York graduate becomes curator of Elgin County Museum


York alumna Ninette Gyorody (MFA ’03, BFA ’98) is the new curator for the Elgin County Museum, reported the St. Thomas Times-Journal April 21. Her appointment was announced Thursday by Cathy Bishop, director of Library Services for Elgin county. Gyorody was previously curator and operations manager of Georgina Pioneer Village in York Region. She possesses a master of arts degree in art history and a bachelor of fine arts degree from York University.


Li Preti to lead subway subcommittee


It’s early days, but nonetheless, the Toronto Transit Commission has struck a subcommittee to make sure that the subway extension through York University stays on track, reported the North York Mirror April 20. “It’s a place for staff to touch base between commission meetings,” said TTC Chair Howard Moscoe at Wednesday’s meeting. “I know we’re a long way from implementation but it’s good to have a mechanism in place.” Commissioners voted to create the committee – which will be chaired by longtime subway booster Councillor Peter Li Preti (Ward 8, York West) – just weeks after the provincial government made official its intention to fund one-third of a $1.5-billion subway extension of the Spadina line through York University and into Vaughan. The subway would cut through a perennially under-serviced part of Toronto’s transit network, and allow commuters from Vaughan an alternative to using their cars for the commute into Toronto.

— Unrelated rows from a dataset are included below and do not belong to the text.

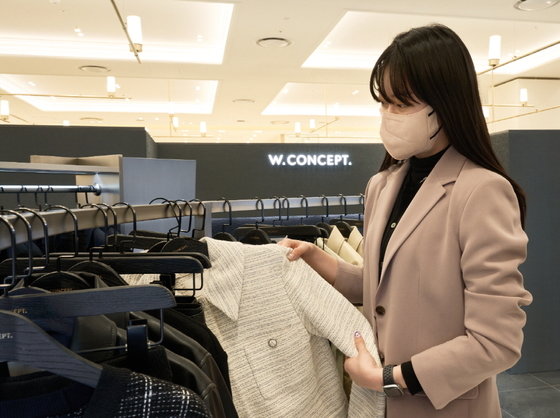 본문 이미지 - 신세계백화점은 경기점 3층에 위치한 온라인 패션 플랫폼 &#39;W컨셉&#39;의 오프라인 매장. &#40;신세계백화점 제공&#41; 2022.3.18/뉴스1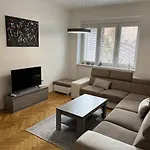 Praha 3 Apartman S Balkonem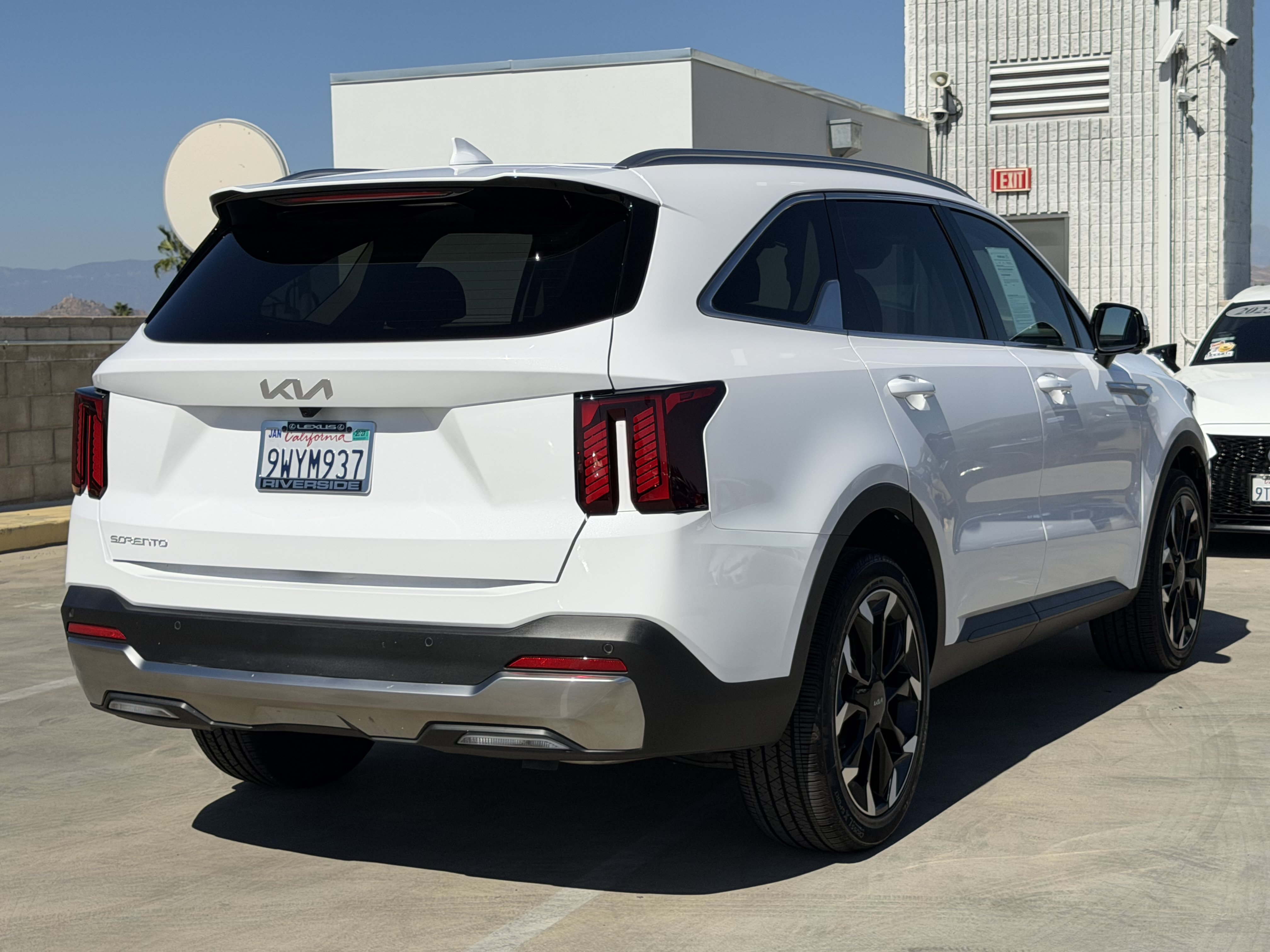 Used 2025 Kia Sorento SX FWD image 10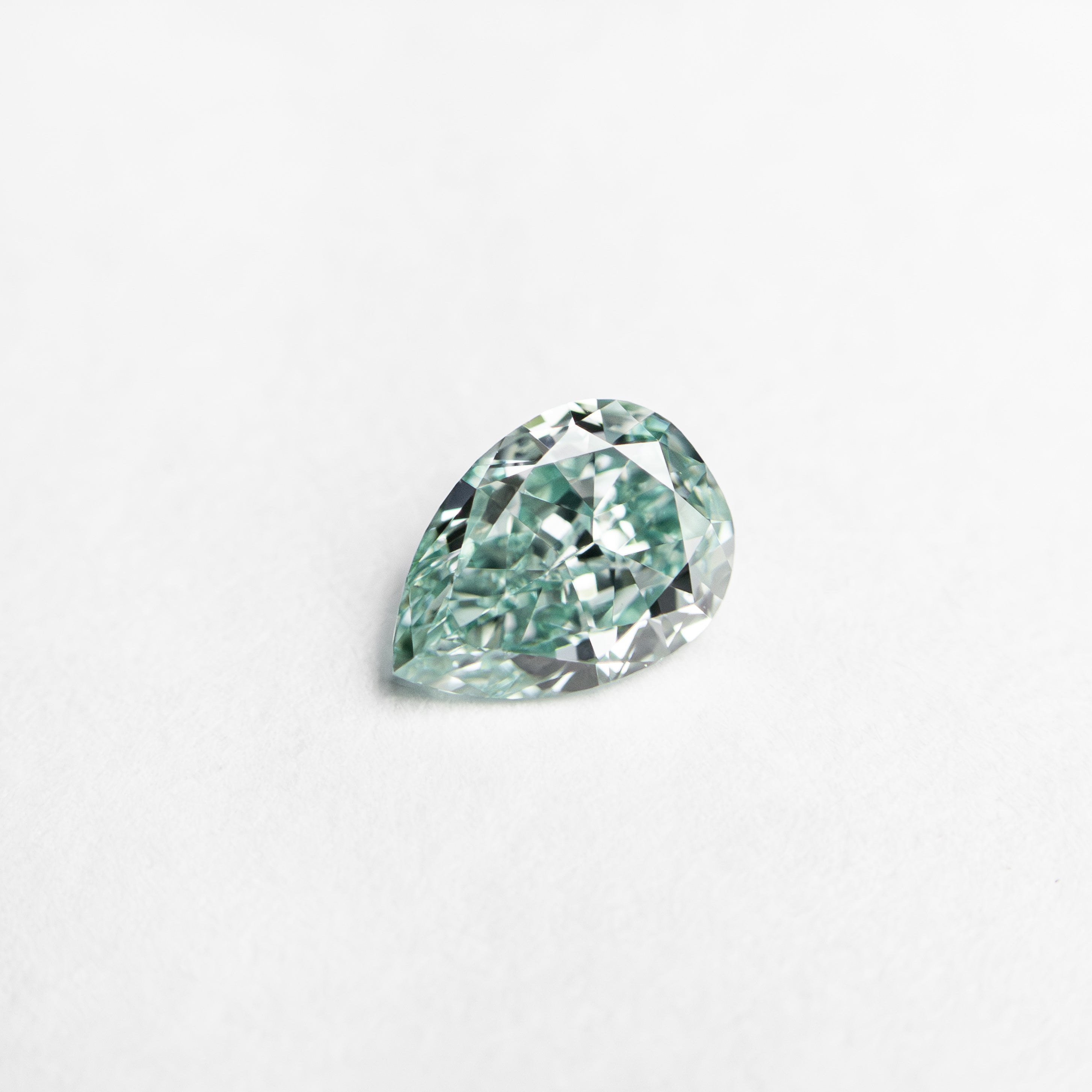 0.32ct 5.48x3.95x2.17mm GIA VVS2 Fancy Vivid Bluish Green Pear Brilliant 24131-01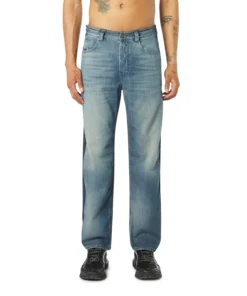 2024 - די מאקס ג׳ינס בגזרה רגילה - כחול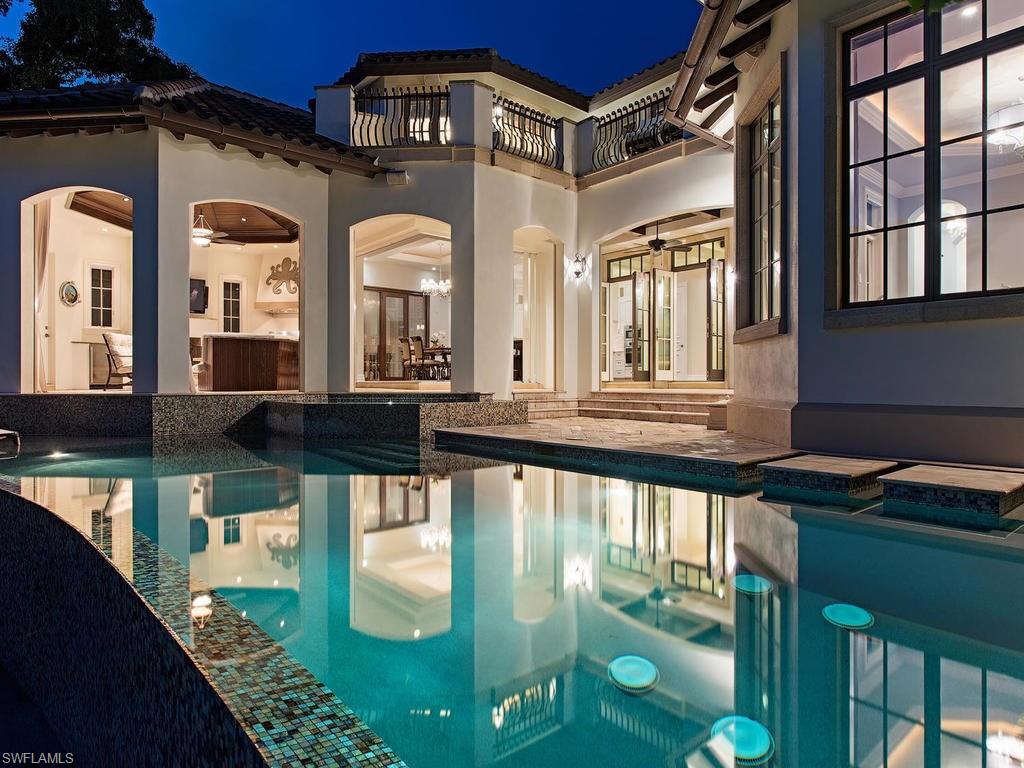 AQUALANE SHORES - Residential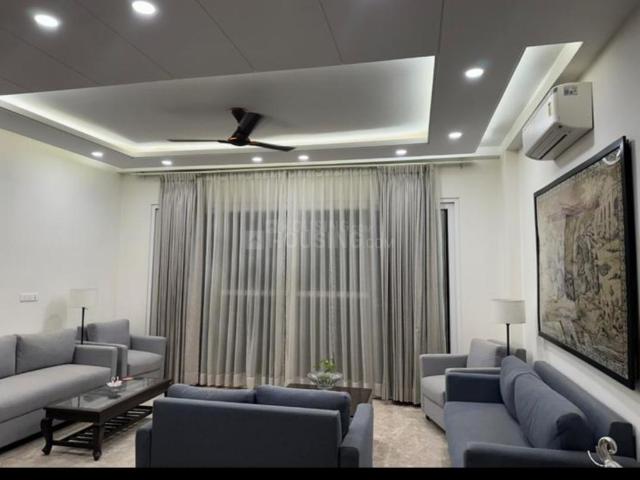 4 BHK Independent Builder Floor in Saket for rent New Delhi. The reference number is 20776964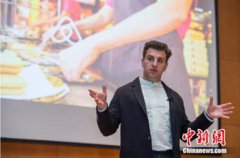 短租鼻祖Airbnb创始人复旦演讲 被问学生毁房事件懵了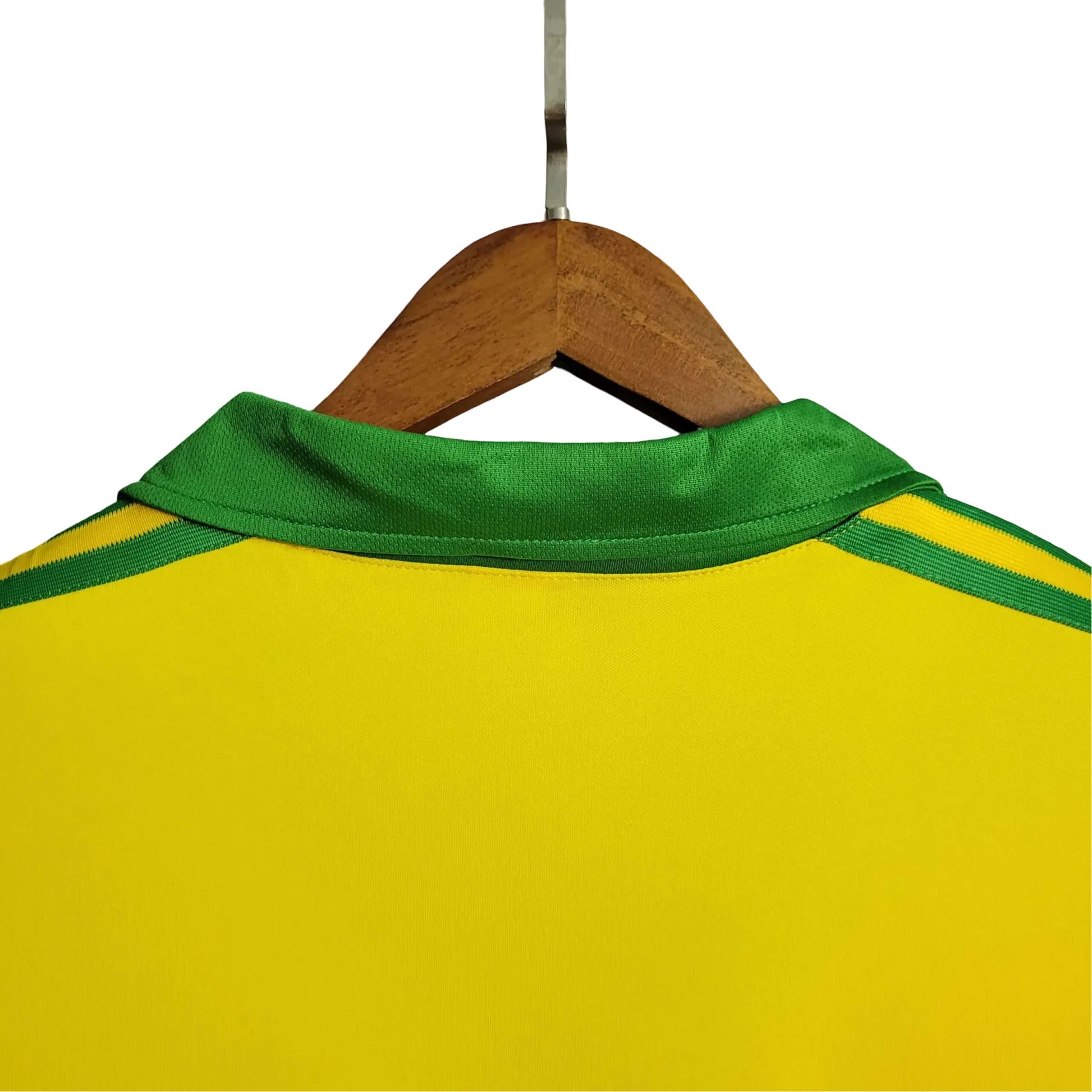 https://cdn.shopify.com/s/files/1/0826/7228/8075/files/19791980-brazil-home-retro-kit-classickits433-258598.webp?v=1741198769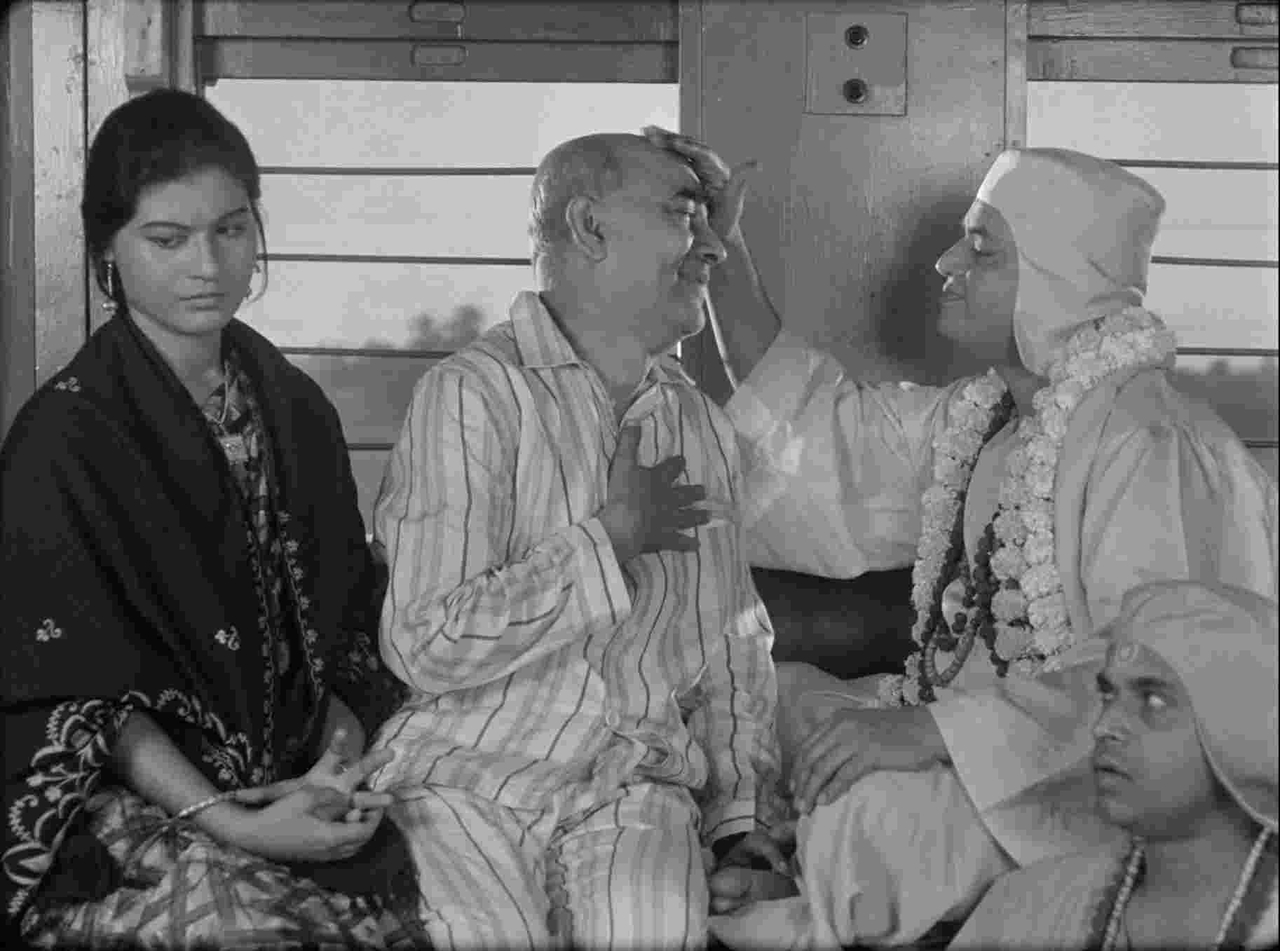  فیلم سینمایی The Holy Man به کارگردانی Satyajit Ray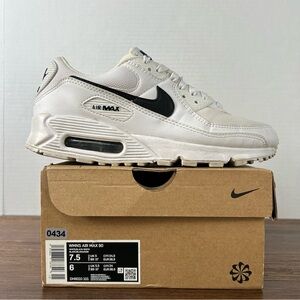 Nike Air Max 90 White and Black Men6/Women7.5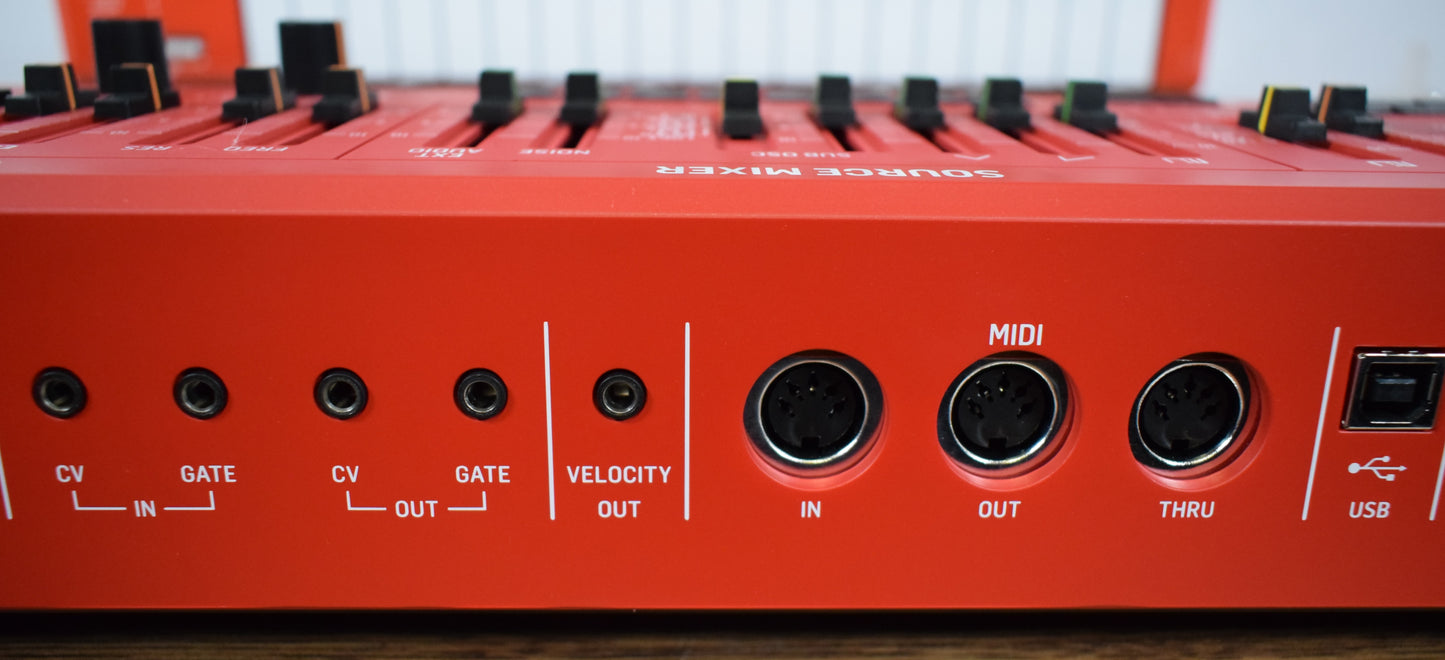 Behringer MS-1-RD 32 Key Analog Synthesizer Red Demo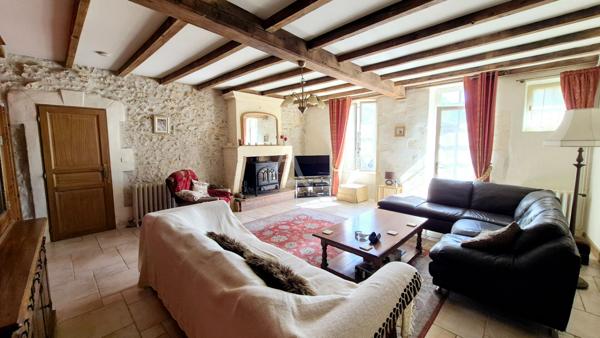 Maison à Burie avec de belles prestations, près de 300m² habitables!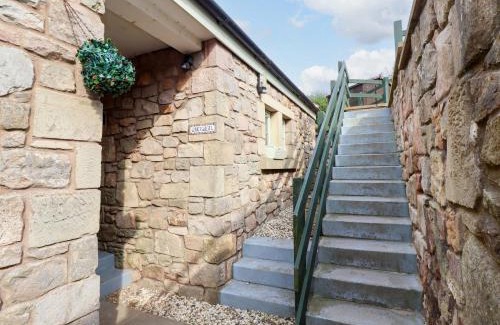 Bamburgh House | Heather Cottages - Grey Seal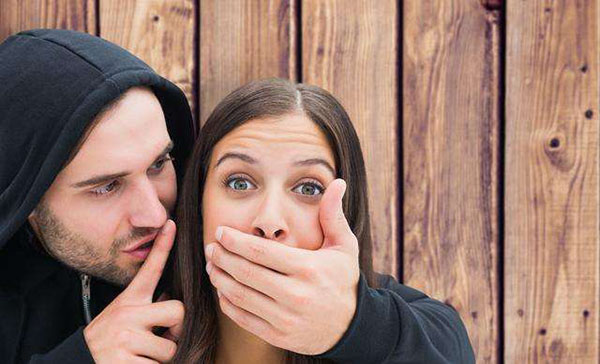 那些遭遇家暴卻不離婚的人 到底是怎么想的?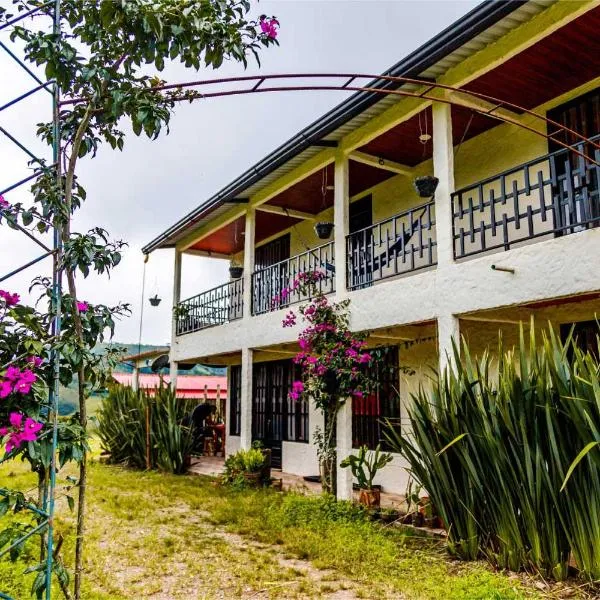 Estancia Rosa de Jericó Campestre，位于亨达的酒店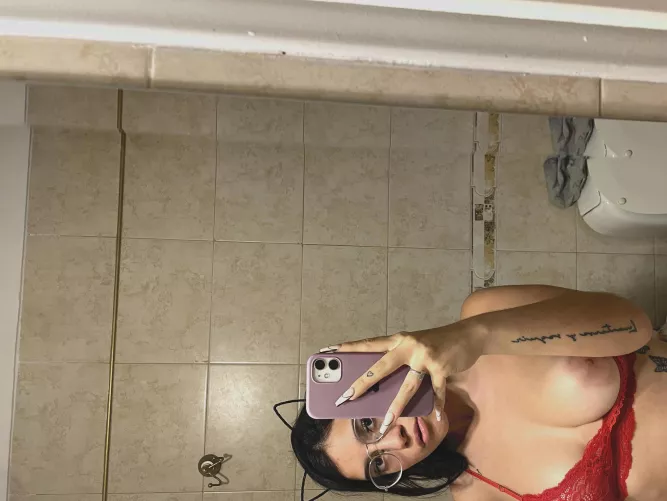 I can't have condoms in my pussy.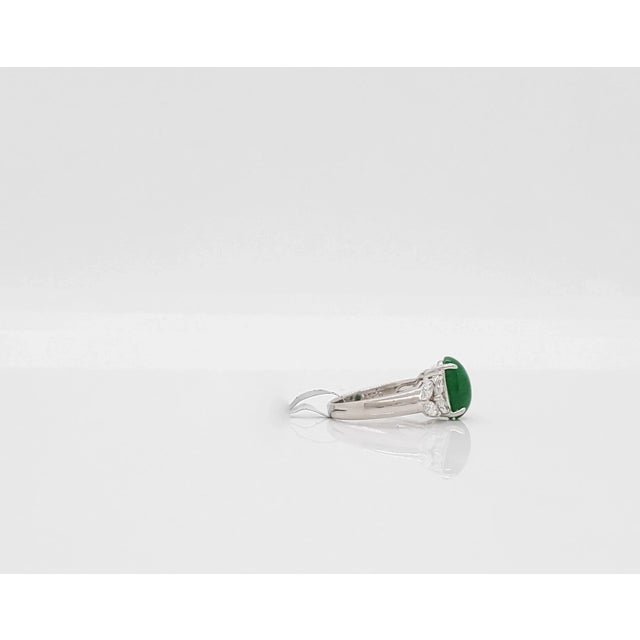 Green Jade Cabochon and Diamond Cocktail Ring in Platinum, size 4.25 For Sale In Los Angeles - Image 6 of 8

Li Preti said the committee is necessary to make sure that the city and the TTC don’t lose sight of the goal. “I’m very concerned that there is no real implementation on the city level,” said Li Preti. “I think that if we don’t put up a very credible plan, then we will be behind Vaughan and York Region in terms of planning. They have a much more aggressive attitude.” Li Preti said he hopes the committee will be able to help co-ordinate land-use planning and funding, and deal with inter-governmental issues. “You’re not only discussing issues with other politicians but also with developers in the private sector and get an opportunity to see how the community feels about this line. I think it is a win-win situation for all of us.”


On air



  • Shin Imai, professor in York’s Osgoode Hall Law School, spoke about his field of research, Aboriginal land claims, in connection with the standoff between Six Nations people and police in Caledonia, Ont. on CBC Radio shows in Windsor and Cornerbrook, Nfld. April 21.
  • CBC Radio in St. John’s, Nfld. mentioned the role of Shirley Katz, professor in York’s Division of Humanities, Faculty of Arts, who is conducting an inquiry into the death of a female professor at Memorial University who was harassed by a male student before she died of natural causes.
  • Heather Lotherington, professor in York’s Faculty of Education, spoke on Rogers TV April 22 about the multi-literacy movement in a feature on retooling text books for immigrants.